See the sparkly colours
Bitter rivals LG and Samsung are leading the TV charge with super thin screens (the LG 4K OLED is a mere 2.57mm thick), curved screens and 8K screens - that’s eight times the resolution of an HD set. StreamTV Networks meanwhile showed off a set that lets you watch 3D movies without 3D glasses, using something similar to hologram technology. Clear images, 3D, holograms... definitely cool, but again not exactly new.
No emissions here
Chinese backed Faraday Future and VW were among those to unveil new electric cars in Las Vegas this week – a mere 13 years after Tesla was founded. Perhaps the whole emissions scandal has put VW off the internal combustion engine entirely. Its BUDD-e and e-Golf Concept cars are fully electric and feature such novelties as an ‘intuitive’ dash board, voice and gesture command interface and a (dude?) ‘where’s my car’ function.
I’m afraid I can’t do that Dave
‘The internet will eat everything’, Fred Potter of ‘internet of things’ firm Netatmo told MT earlier this year, and it does appear to be munching its way happily through your house. Smart boilers, smart speakers and smart lighting have all been integrated into the ‘connected home’, which is currently the preserve of early adopters but which may be coming to a dwelling (very) near you, not least because of its potential to save on bills as well as time.
Now it’s the turn of the humble fridge. Smarter has come up with the Fridge Cam, which is exactly what you think it is. Out at the shops and can’t remember if you’re out of parmesan? Open the app and take a look. It's similar to Samsung's revamped Family Hub, which can also order your shopping for you or play streamed music.
Where will it stop, you might ask? The shower? Well, no actually. Hydrao Smart Shower doesn’t involve cameras (thankfully) but does use sensors to tell you when you’ve used too much water.

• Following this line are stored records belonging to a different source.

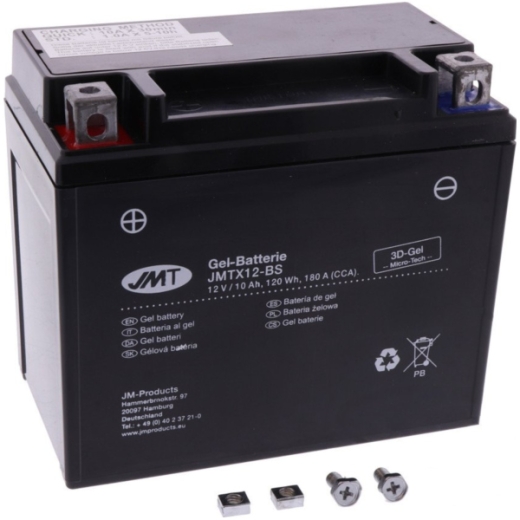 Motorradbatterie YTX9-BS Gel JMT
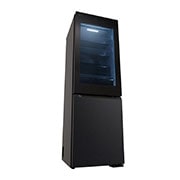 LG מקרר עם מקפיא תחתון InstaView™‎ בנפח 349 ליטר גימור פלדה שחורה יוקרתי, Left Side perspective view, R-2B394BINS, thumbnail 16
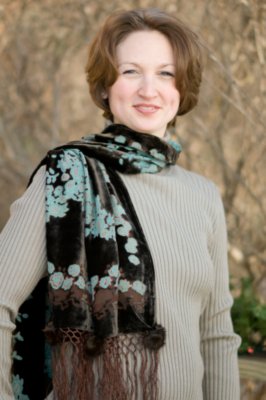 Women's Cherry Blossom Velvet Scarf
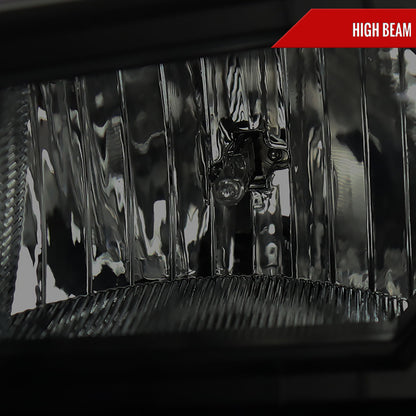 2002-2009 Chevrolet Trailblazer Projector Headlights w/ LED Light Strip (Black Housing/Smoked Lens)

Presumably a sister product for the loo roll dispenser is on the cards for next year.
One may wonder whether some of these ideas are heading for the dustbin of history along with tin foil catsuits and the self-drying jacket, but something that improves the internet will surely not be one of them. Israeli firm Sckipio’s G.Fast technology demonstrated speeds of nearly 750mbps down a copper phone line, or 50 times faster than current broadband, according to CNNMoney. The product is due to launch in the US later this year, but BT is also working on G.Fast technology over here, so you may want to think twice about getting that fibre optic cable installed.
These technologies are all very well and good, and some of them clearly have great potential. But just look at what was on offer last year at CES 2015. It’s more of the same (down to Nixie’s parasitic scorpion wrist drone, which is also there this year). Yes, the tech’s better than it was last year and some of it’s different, but where’s the next big idea? Techies may be impressed by the innovations being unveiled in Vegas, but the rest of us are still waiting for our hoverboards (and we don’t mean exploding handleless segways).